Watching Waiting Deliberating


I’m beyond the point where I’m asking myself IF Zack Greinke will be traded, but WHEN it will happen.  It’s been a quiet offseason so far for the Royals but the rumors are still out there, loud and clear.  Greinke’s in demand and Dayton Moore is fielding offers.

I’ve come to the conclusion that if the Royals are going to trade Greinke, it should be before spring training’s on the horizon.

First, the obvious reason is that Greinke right now has two years on his contract to go.  Once the season starts, he’ll obviously have less time with his prospective new team.  It’s like opening a package of food.  Once you’ve popped the lid or broken the seal, while it may keep for a long time, it’s always declining in freshness.  With every game Greinke pitches for the Royals, that’s one less he can pitch for a new team and by the time we see the trading deadline in July, he’ll have used up half a season on a likely-terrible Royals team.

That’s not to say that in July 2011 Greinke won’t be a valuable commodity.  If, at that time, he still hasn’t been traded, he’ll be the biggest target for contending teams.  He’ll still command a strong return, but not as strong as he could now, and the Royals stand to benefit with a collection of prospects for him.  But they should get the most value when they can, and that time is now.

It’s pretty rare for a team to deal their franchise player in the first place, but when they have a good amount of years left on their contract, it’s even more unusual.  Usually those trades are reserved for dumping salary once it’s clear the superstar’s team won’t be going for a division title.  It’s pretty clear right now that the Royals aren’t going to contend against anyone but Cleveland in 2011, Zack or no Zack, so if they’re serious about trading him for a large haul of blue chippers, now’s the best time to get that maximum value.

Consideration should be given to the possibility that Greinke could have a poor start to the season, which would look bad following last year’s merely average campaign.  I’ve seen skepticism from some fans who don’t think Greinke’s worth the package Dayton Moore is seeking, and I’m sure there are some GMs who have made similar conclusions.  A slow start to 2011 would harm Greinke’s value as a trade chip.
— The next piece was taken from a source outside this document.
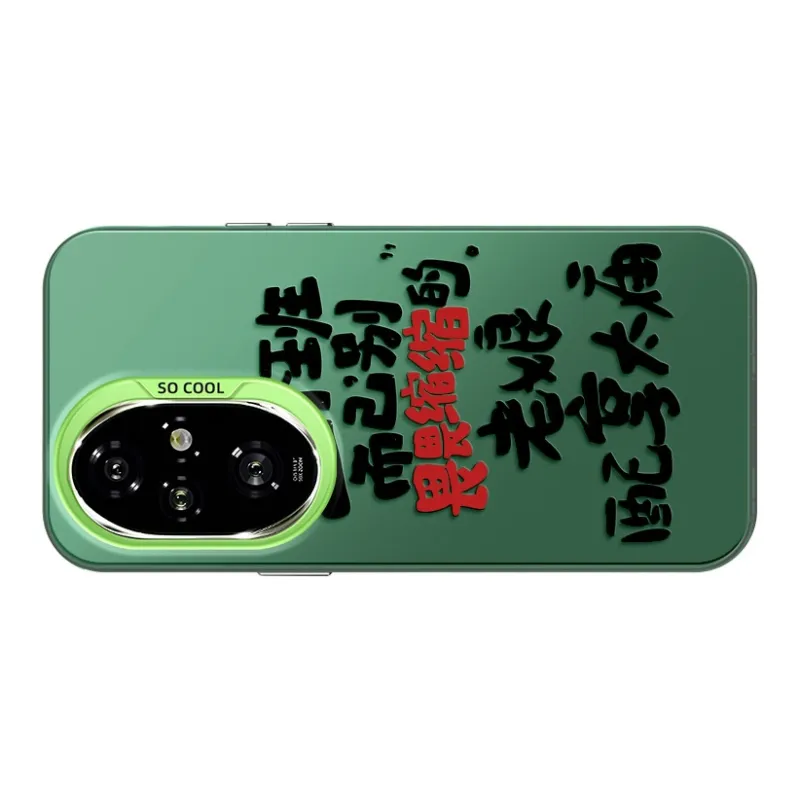 GELEI Phone Cases-3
I don’t want to see Greinke go.  I think it’d be great to keep him in Kansas City as the anchor of a young but talented starting rotation.  Especially if that group ends up leading the Royals to the playoffs, paying off Greinke’s patience and the good faith he demonstrated when he signed an affordable extension before 2009.  Greinke in the lead car at a World Series celebration would be an amazing moment for Greinke, Kansas City and Royals fans everywhere.

But if he has to go, it needs to be now.  The opportunity may be there, as we wait for Cliff Lee to make a decision about his next employer.  Reports said that Lee would have a decision on his new team after the weekend and, well, here we are.  The Royals have hinted that they wouldn’t trade Greinke until Lee had signed, and since that would leave Greinke as the lone true ace available, it’s a smart move to leverage his value even more.  If it turns out that the Rangers sign Lee, the Yankees will likely be calling.  If it’s the Yankees who get Lee, the Rangers should respond.  There’s also the Blue Jays, who may see now as an opportunity to jump into the #2 spot in the American League East while the Yankees age.  All three teams have the kind of prospects the Royals are looking to get for Greinke and they’re the favorites.  Washington has been aggressive this offseason and have solid young players to offer as well, though they aren’t quite the franchise-changing upside players other organizations have.
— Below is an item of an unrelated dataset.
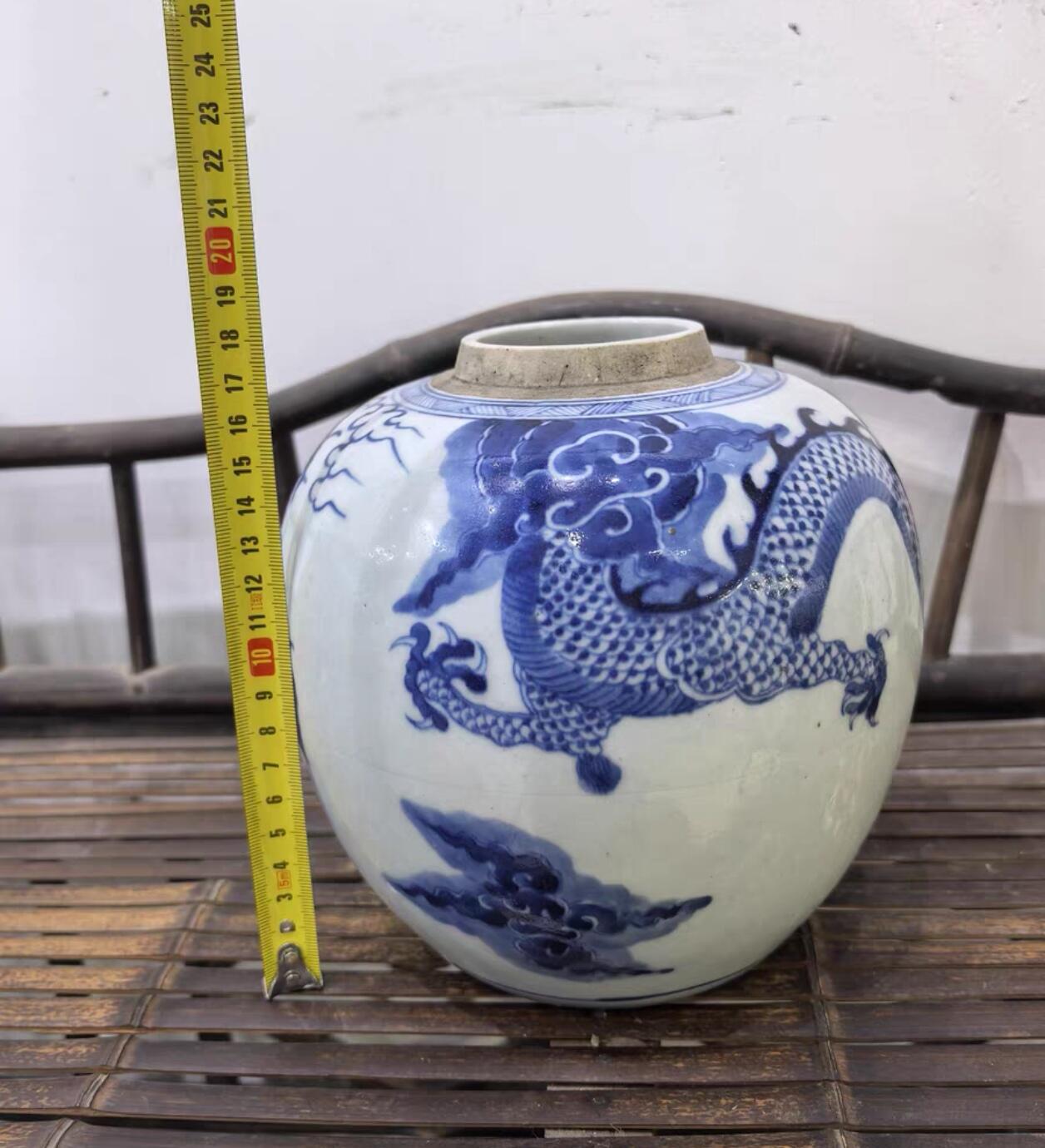 兰馨堂瓷器专场 清代青花龙纹罐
My main concern about trading Greinke mid-season is simply precedent.  There have been some big trades in the past in July, but it’s rare to see them include multiple top ten prospects or a player still with a large chunk of team-controlled years on his contract.  That could be because a lot of deadline trades involve players who’ll be free agents after that season or just because executives have gotten to see three months of their prospects playing and don’t want to give as many of them up.
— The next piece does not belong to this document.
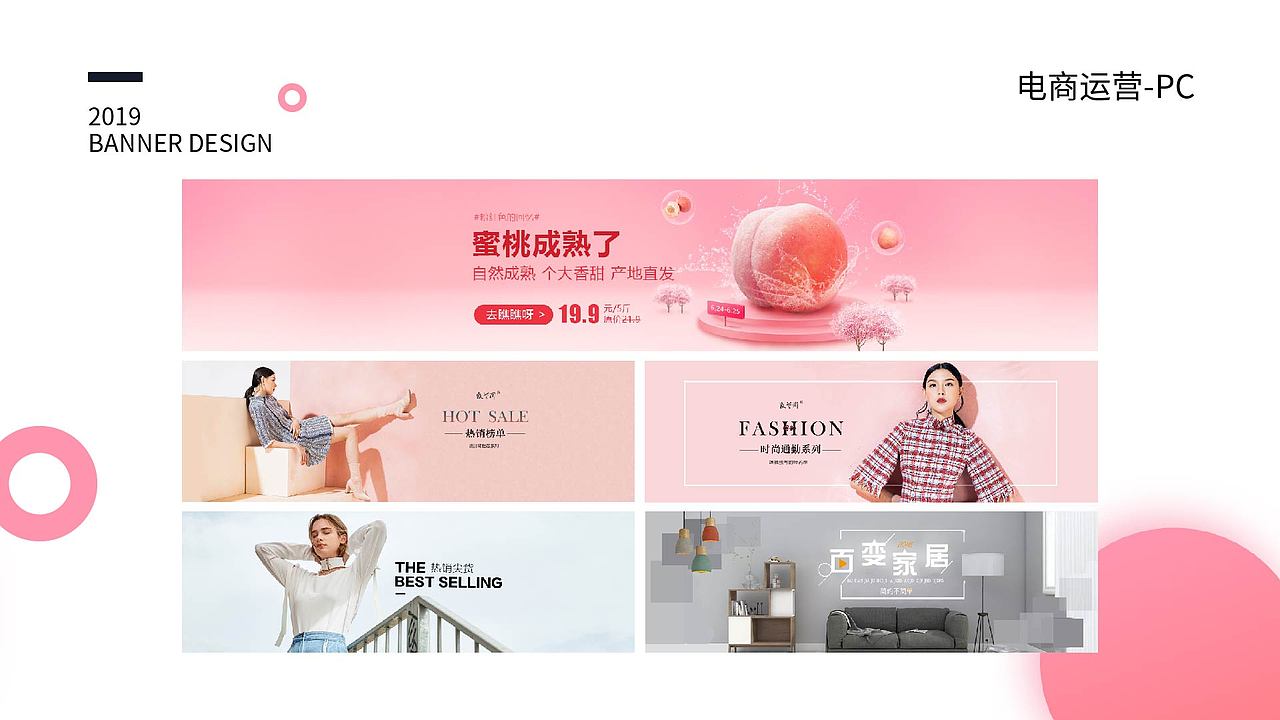 个人简历作品集（图ZMTc1MTg4NTUy） - APP界面 - 站酷设计师Z敏籹子原创素材 - 站酷ZCOOL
The good news is that Moore has reportedly made zero calls asking teams for offers on Greinke.  That improves his bargaining position.  He can be aloof, distant, indifferent and make other teams fall over themselves for his ace pitcher.  My favorite quote about that stance comes from Aaron Gleeman of : “Dayton Moore knows that the prettiest girl at a bar doesn’t have to ask guys to buy her drinks.”

So we wait.  Cliff Lee has multiple offers out there and he’s going to be a well-paid man before the end of the month.  And once that happens, it’s a scramble to see if anyone can meet the Royals demands.